Romans! Countrymen! Fellow students!
After hearing enough speeches to satisfy Cicero, Mike Grambo led his fellow Roman citizens out of the gymnasium, past the Coliseum and down the Apian Way to the Atrium, formerly the Blaine high school library. He and his cohorts were headed for a dinner of roast hummingbird eggs and quail tongue (or reasonable facsimiles) last week at Toga XVII, the 17th incarnation of an all day gathering topped by the best in sybaritic banquets whipped up by the ever-present and often under foot slaves.
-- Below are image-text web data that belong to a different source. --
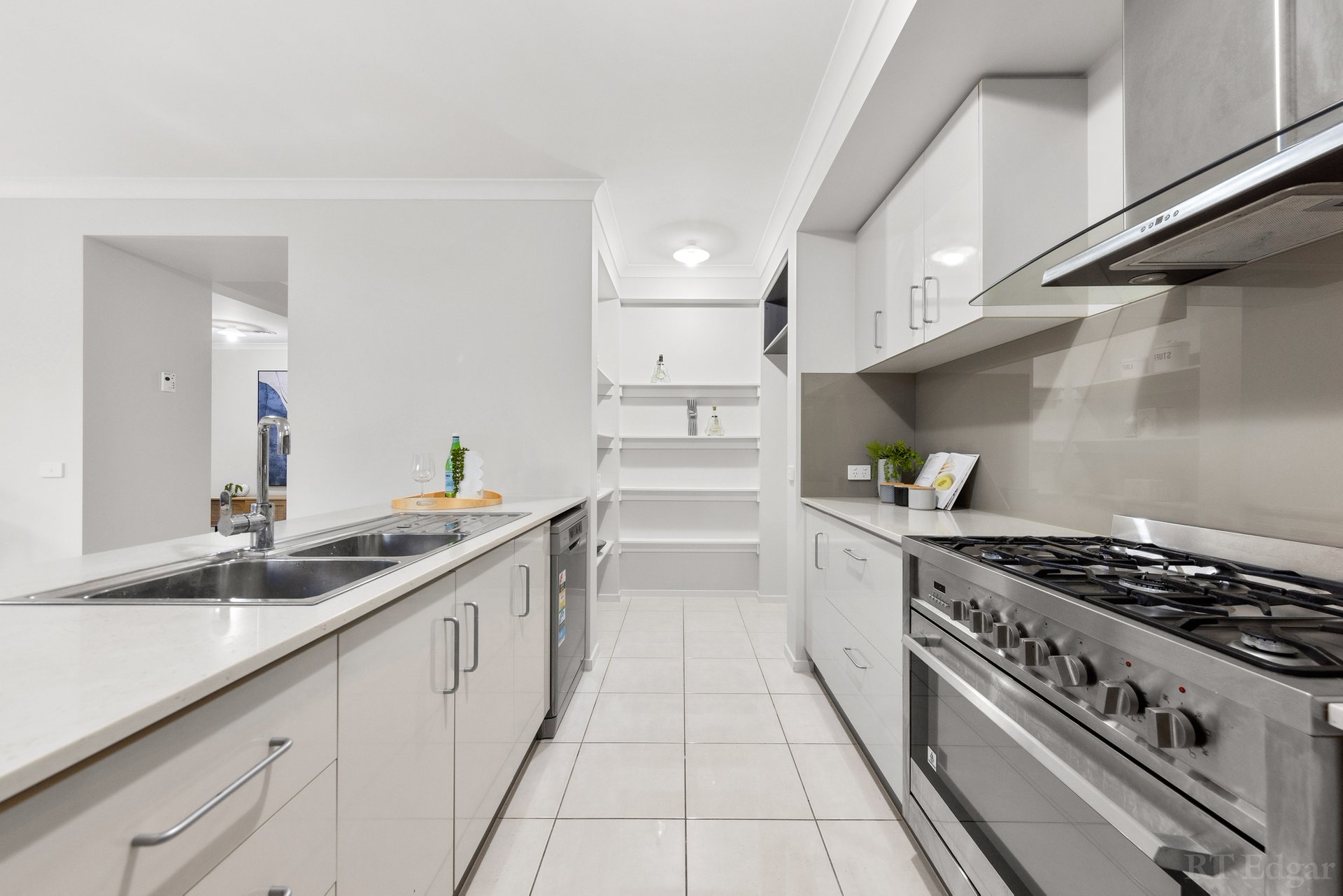 Property Gallery Thumbnail 6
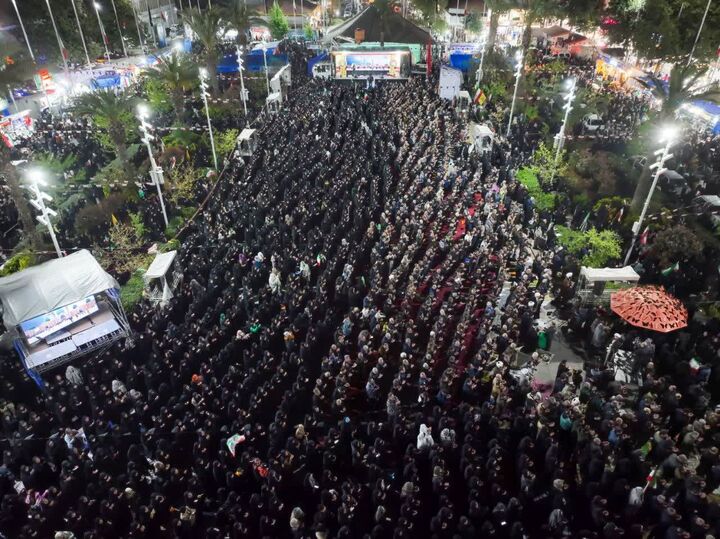 چهل و چهارمین موج سنگر خیابان؛ ایران‌خوانی زیر باران در شب شهادت رئیس مذهب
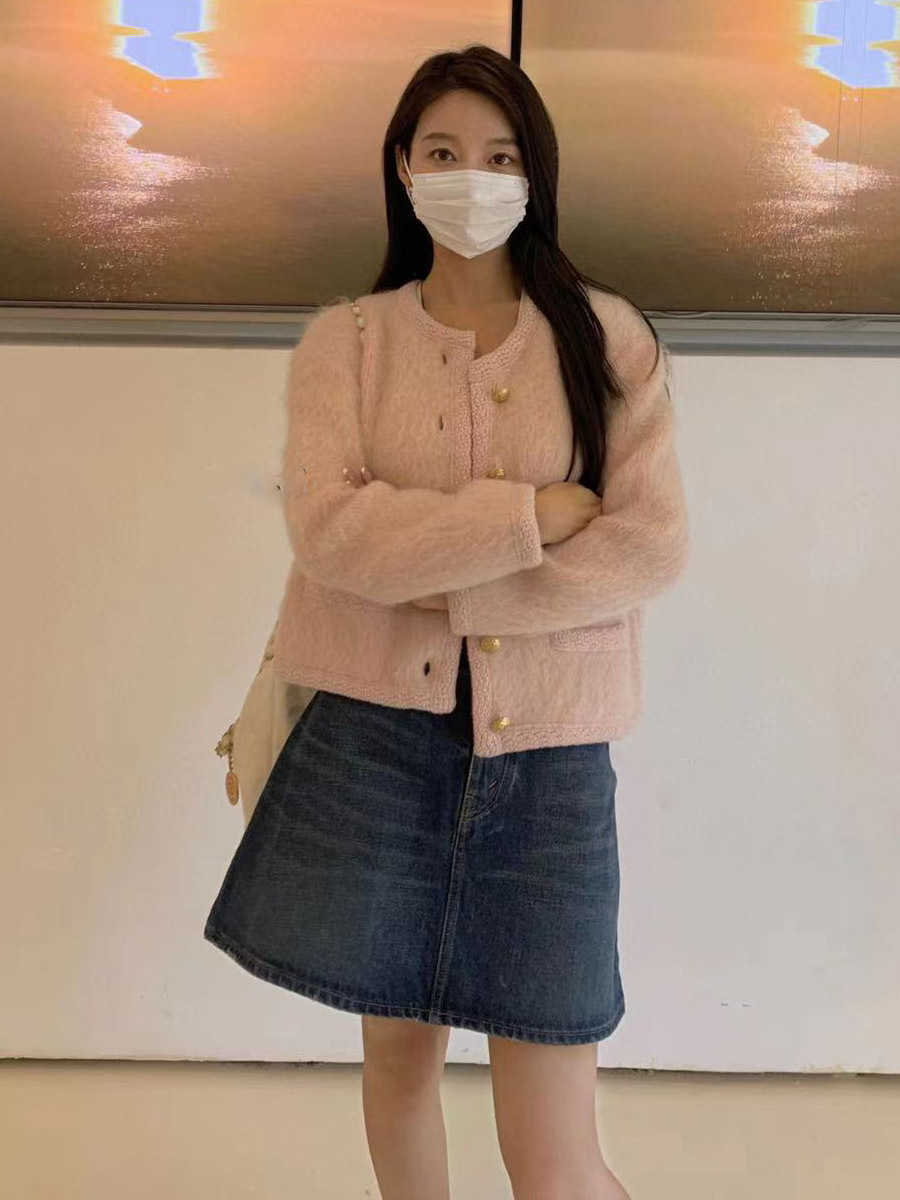 

Women' Jacket Sweater Coat Cell 22FW Celebrity Temperament Knitted Cardigan Autumn and Winter Soft Glutinous Pink Long Sleeve Sw HHA5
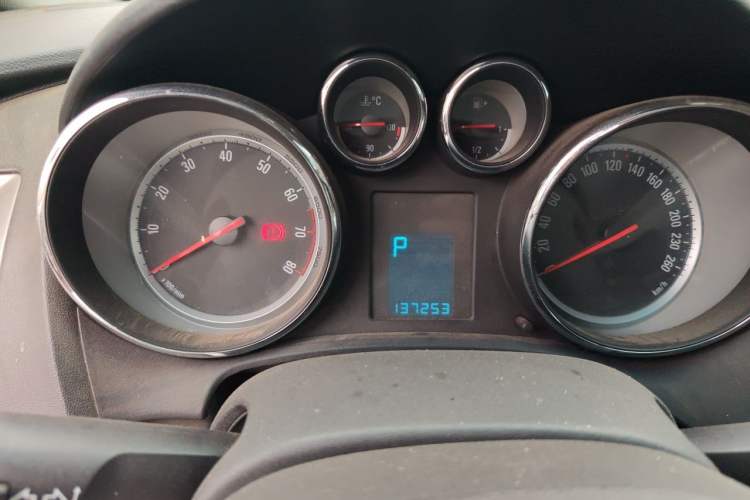 Used Buick GT 2014 XT 1.6L Automatic Fashion Edition Instrument Cluster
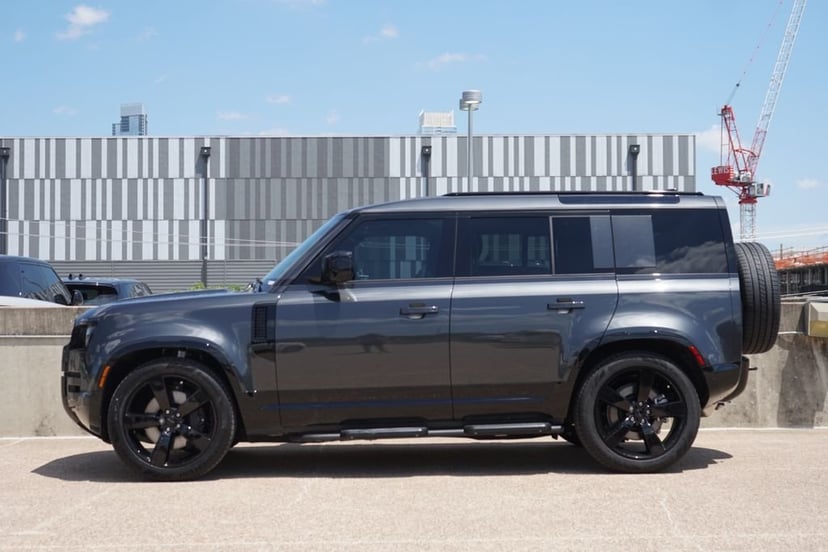 2026 Land Rover Defender 110 - Image 1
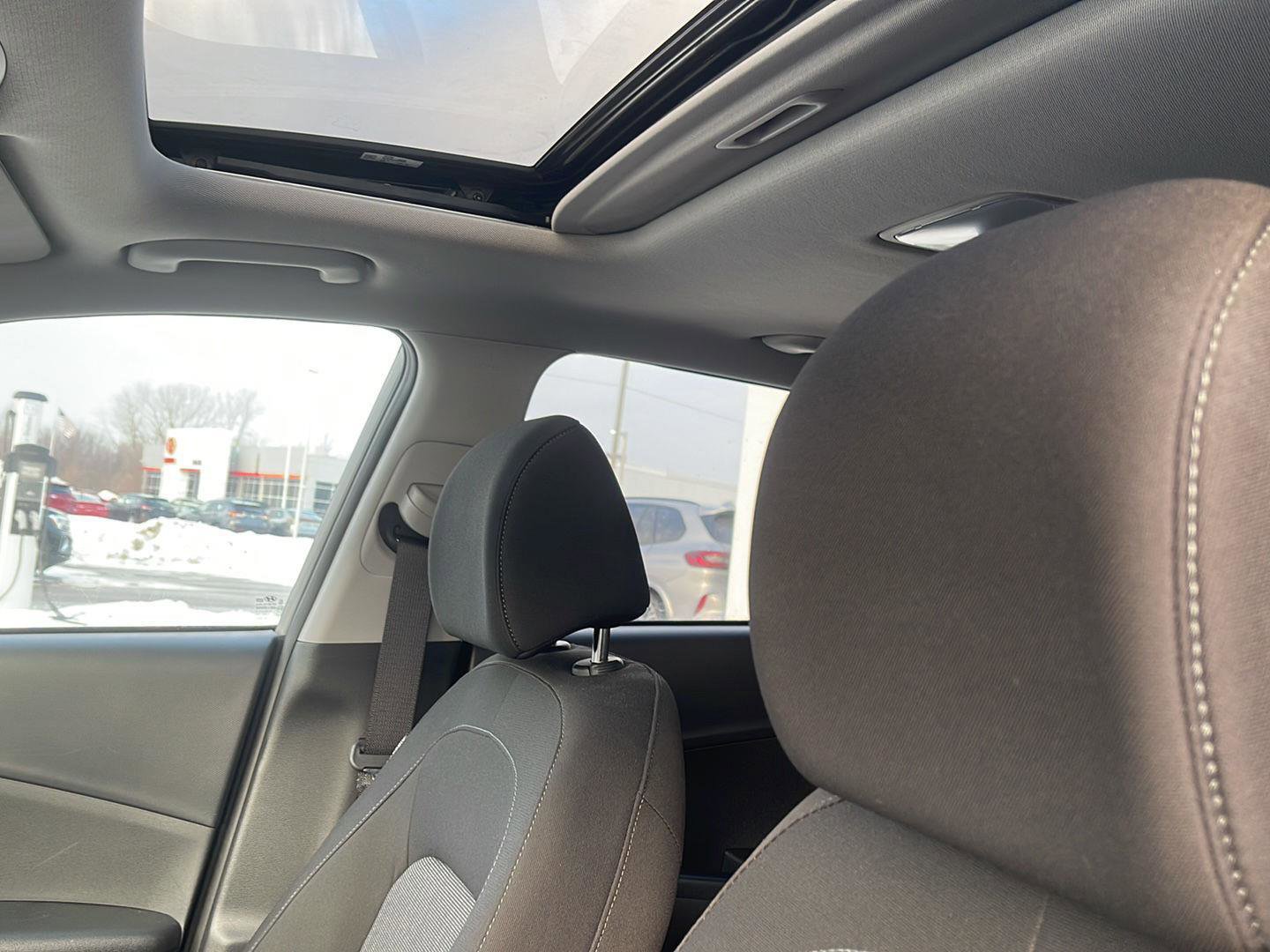 Used 2023 Hyundai Kona SEL w/ Convenience Package image 9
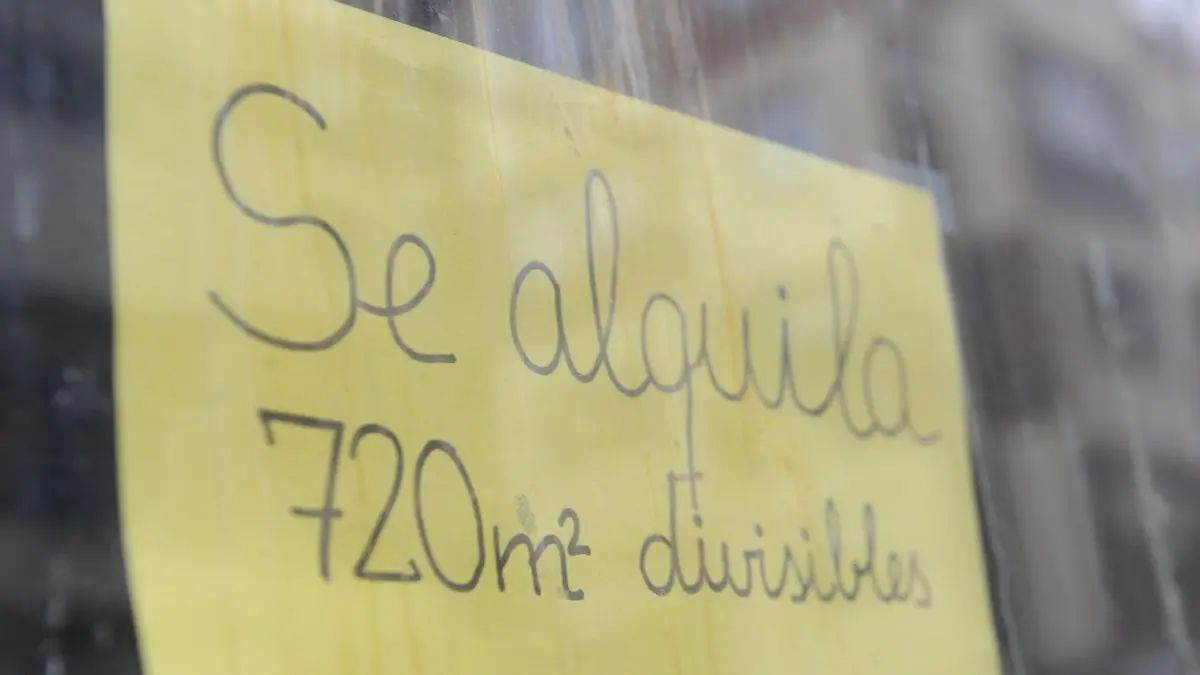 León acota la prohibición de crear viviendas en los bajos del centro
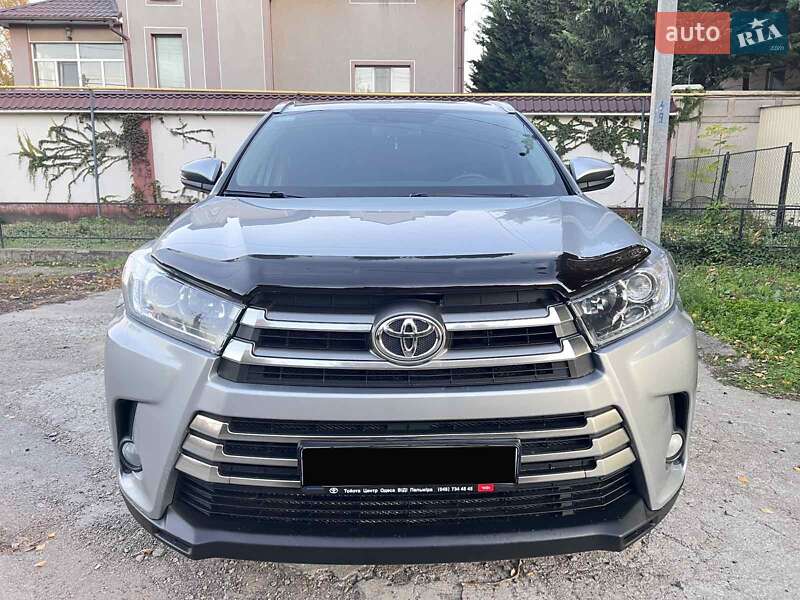 Внедорожник / Кроссовер Toyota Highlander 2017 в Одессе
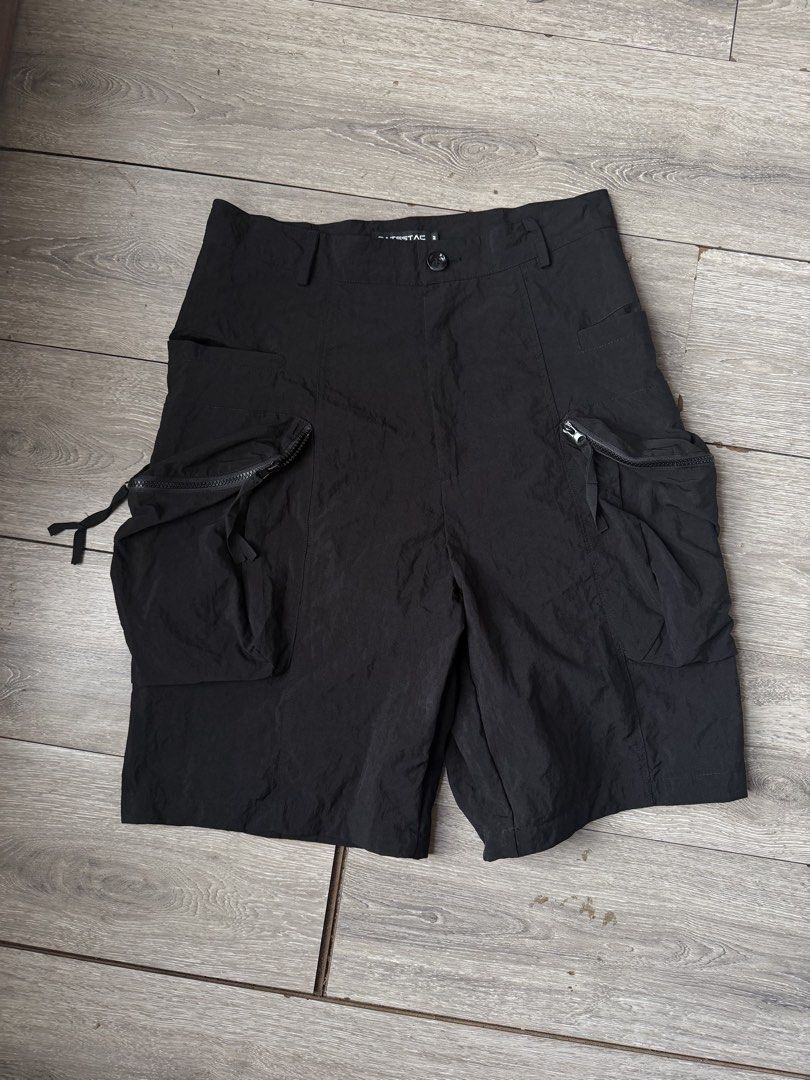 CATSSTAC Black Cargo Shorts Size M (Category: Shorts) located in Legazpi City. Submitted by thefelicitythriftwear (Listing ID 1464828487, Image 1). Description: CATSSAC Medium on tag Waistline size 32 on measuring tape Length 24 Rise 15 Leghole 12 Excellent Condition Color Rate 9.9/10 No Issue ₱780 Disclaimer: This Item of clothing is not affiliated with any of the brands posted or mentioned in this account. All copyright and trademarks are reser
For the many soldiers, courtesans, seers and sages, senators, charioteers and others out of this cross section of Rome in the days when it was the only place that mattered, this was a day to remember, learning the way it should be, thanks to the hard work of a lot of people behind the scenes and Grambo’s creative hand.
The first roman banquets Grambo put on were done during the sophomore World History classes he still teaches. Now they involve all 150 sophomores in a day long blitz of presentations put on by the students organized into groups of up to six. Everyone’s welcomed into the Roman holiday spirit, from superintendent of schools Dr. Mary Lynne Derrington, to over 75 parents dragooned like vassals of a conquered state into cooking the food, to the juniors and seniors who are turned loose like ravenous seagulls on the rest of the banquet once the royalty (the sophomores, of course) have eaten their fill at least once. The slaves are left behind to swab the decks as the bluebloods adjourn to the Senate for the last of the day’s festivities, what in ancient Rome would have been a very futuristic experience – a movie about the Roman Empire.
Grambo said he’s made over 20 togas himself to encourage faculty participation. It’s the feedback, he said, that he gets from people years after their toga party that keeps him going. “They remember this kind of thing for a lifetime,” he said, having developed a learning experience that’s also a lot of fun.